Padalino Massimo A, Tessari Chiara, Guariento Alvise, Frigo Anna C, Vida Vladimiro L, Marcolongo Andrea, Zanella Fabio, Harvey Michael J, Thiagarajan Ravi R, Stellin Giovanni
Department of Cardiac, Thoracic and Vascular Sciences, University of Padova, Italy.
Department of Business and Administration, University Hospital, Padova, Italy.
Interact Cardiovasc Thorac Surg. 2017 Apr 1;24(4):590-597. doi: 10.1093/icvts/ivw381.

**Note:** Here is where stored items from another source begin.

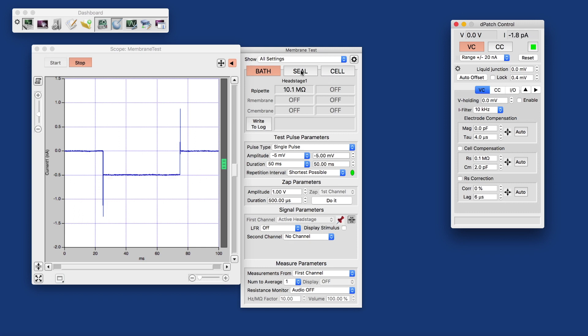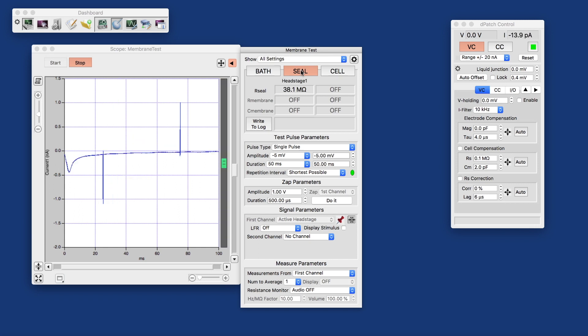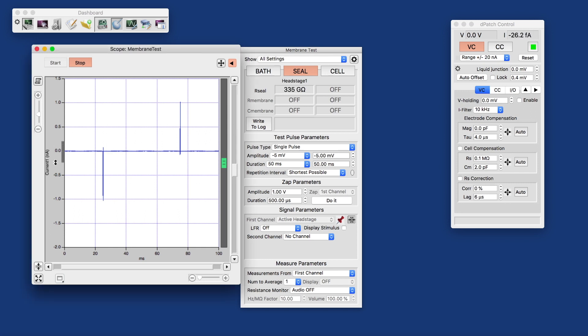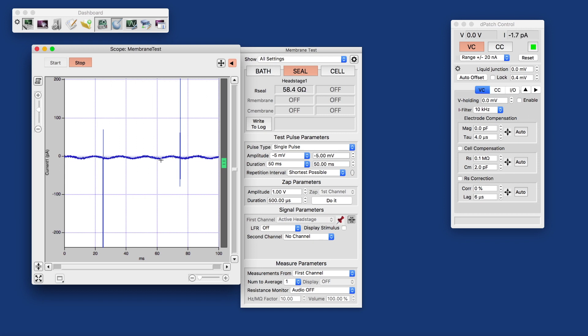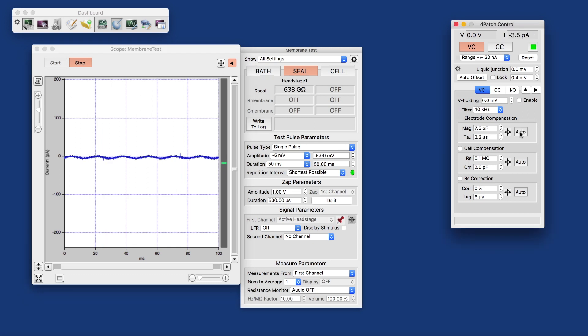As we simulate approaching the cell with the pipette, we switch to seal. And that forms a seal, so we now have a seal of many gigohms and our line frequency noise on this.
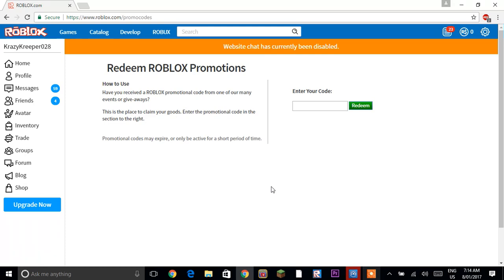Hey guys, Crazy Creeper here and welcome back to another video. Today I'll be showing you two Roblox promo codes to get you items for your avatar.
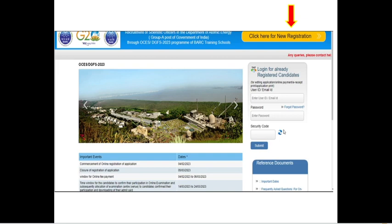Hello friends, welcome back to my YouTube channel Nasrin Patasalai. In this video, I am going to tell you how you need to apply for the BAC examination, which is also called as OCES 2023 examination.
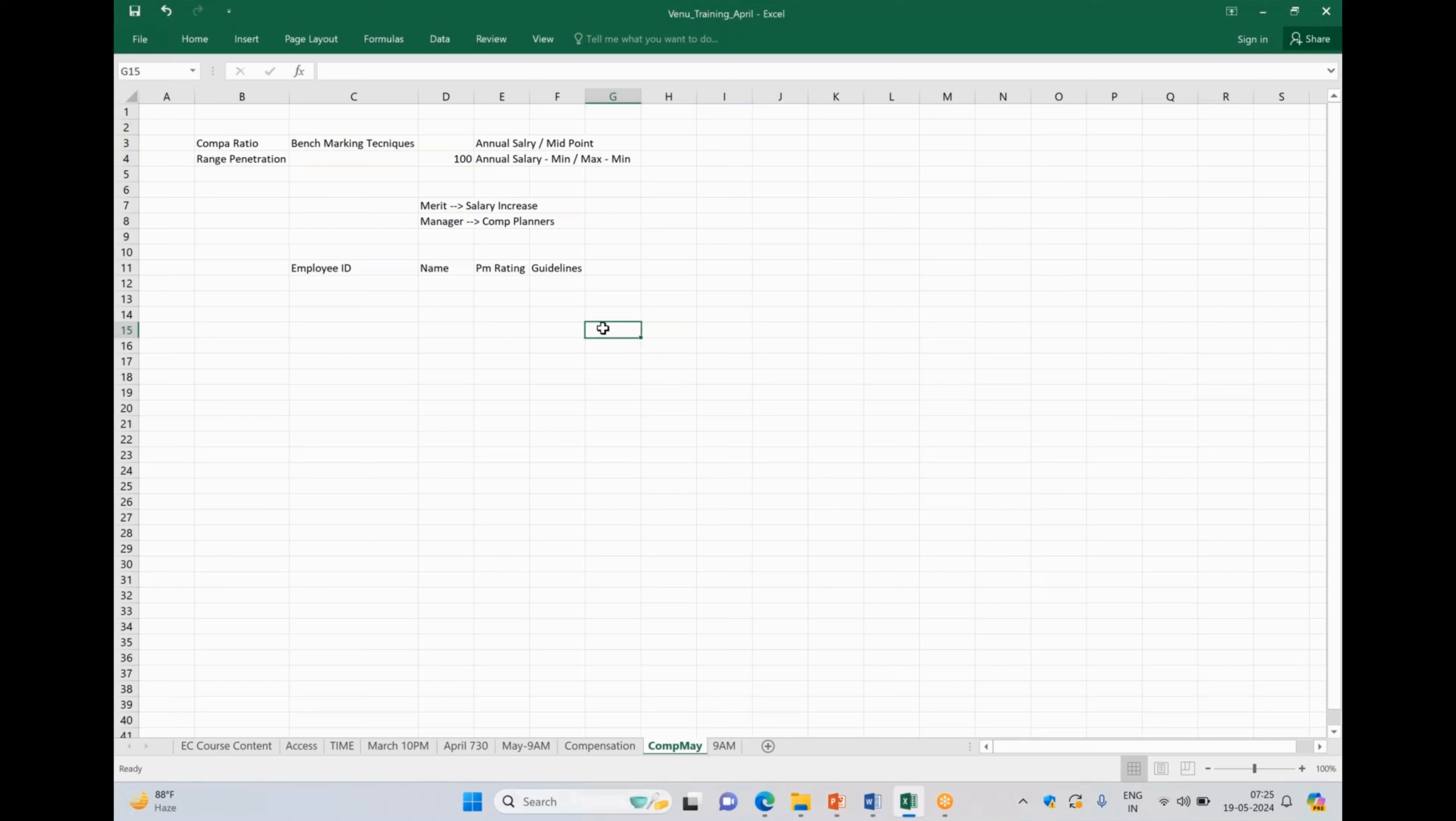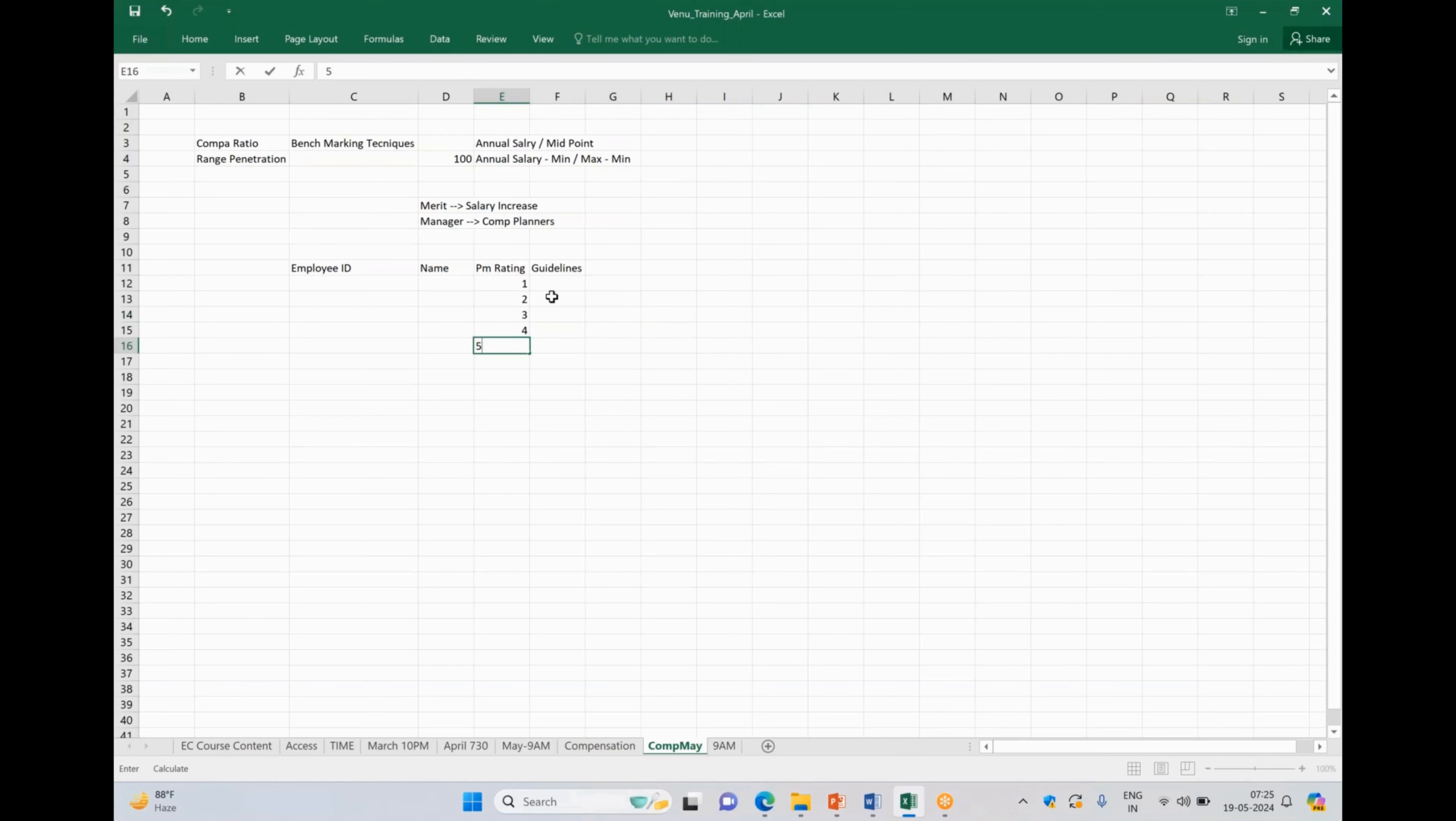These guidelines mostly are configured based on the appraisal rating. Let's say if an employee has got a rating of one, two, three - we have this rating - now guidelines can be defined.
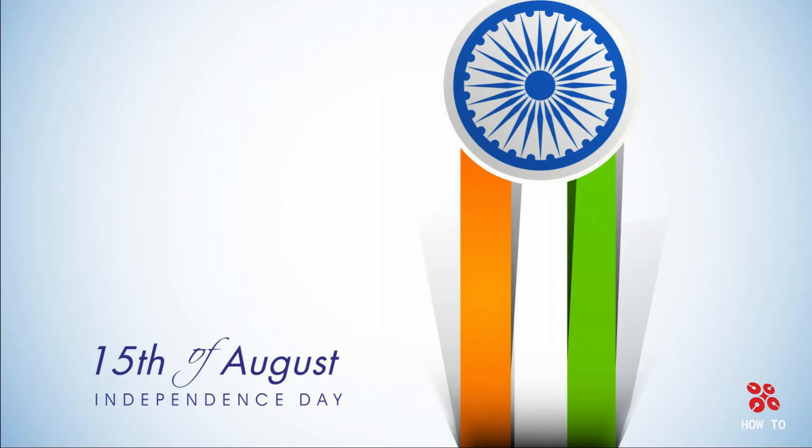Before starting our video, let's take a moment and wish everyone a very happy Independence Day. Democratic India is celebrating its 74th Independence Day.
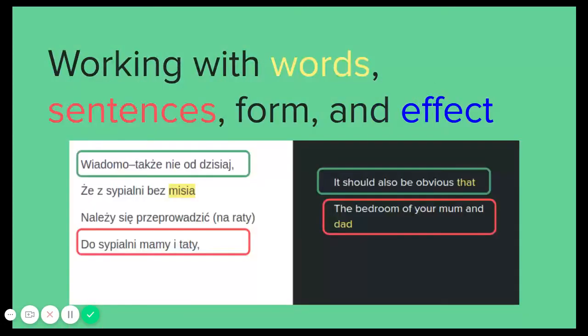Finally, we started translating. We worked with words, sentences, form, and order. We changed things and moved them around because we wanted our decisions about form and effect to stay important.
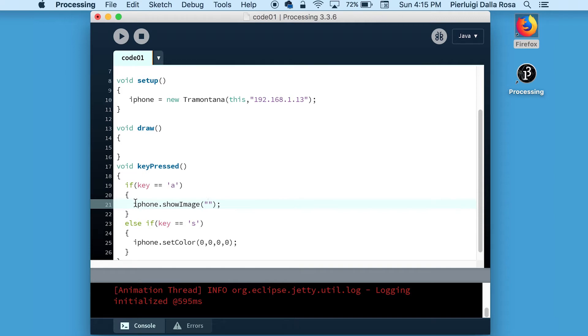In this case, we're going to call the function showImage instead of setColor. The function showImage expects a string parameter that is the URL of the image.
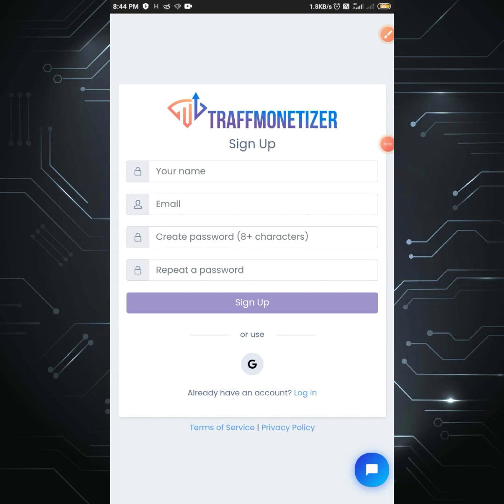Hello everyone, welcome to this video. This video is called Trade Monetizer.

Extracorporeal membrane oxygenation (ECMO) is a lifesaving but expensive therapy in terms of financial, technical and human resources. We report our experience with a 'basic' ECMO support model, consisting of ECMO initiated and managed without the constant presence of a bedside specialist, to assess safety, clinical outcomes and financial impact on our health system.
We did a retrospective single-centre study of paediatric cardiac ECMO between January 2001 and March 2014. Outcomes included postimplant complications and survival at weaning and at discharge. We used activity based costing to compare the costs of current basic ECMO with those of a 'full optional' dedicated ECMO team (hypothesis 1); ECMO with a bedside nurse and perfusionist (hypothesis 2), and ECMO with a bedside perfusionist (hypothesis 3).
Basic cardiac ECMO was required for 121 patients (median age 75 days, median weight 4.4 kg). A total of 107 patients (88%) had congenital heart disease; 37 had univentricular physiology. The median duration of ECMO was 7 days (interquartile range [IQR], 4-15 days). Overall survival at weaning and at 30 days in the neonatal and paediatric age groups was 58.6% and 30.6%, respectively; these results were not significantly different from Extracorporeal Life Support Organization data. Cost analysis revealed a saving of €30 366, €22 144 and €13 837 for each patient on basic ECMO for hypotheses 1, 2 and 3, respectively.
Despite reduced human, technical and economical resources, a basic ECMO model without a bedside specialist was associated with satisfactory survival and lower costs.
体外膜肺氧合(ECMO)是一种挽救生命但在资金、技术和人力资源方面成本高昂的治疗方法。我们报告了我们使用“基础”ECMO支持模式的经验,该模式在启动和管理ECMO时无需床边专科医生持续在场,以评估其安全性、临床结果以及对我们医疗系统的财务影响。
我们对2001年1月至2014年3月期间接受儿科心脏ECMO治疗的患者进行了一项回顾性单中心研究。结果包括植入后并发症以及撤机时和出院时的生存率。我们采用作业成本法比较了当前基础ECMO与“全选”专用ECMO团队(假设1)、配备床边护士和灌注师的ECMO(假设2)以及配备床边灌注师的ECMO(假设3)的成本。
121例患者(中位年龄75天,中位体重4.4千克)需要进行基础心脏ECMO治疗。共有107例患者(88%)患有先天性心脏病;37例有单心室生理结构。ECMO的中位持续时间为7天(四分位间距[IQR],4 - 15天)。新生儿和儿科年龄组撤机时和30天时的总体生存率分别为58.6%和30.6%;这些结果与体外生命支持组织的数据无显著差异。成本分析显示,对于假设1、2和3,接受基础ECMO治疗的每位患者分别节省了30366欧元、22144欧元和13837欧元。
尽管人力、技术和经济资源减少,但无需床边专科医生的基础ECMO模式仍具有令人满意的生存率且成本较低。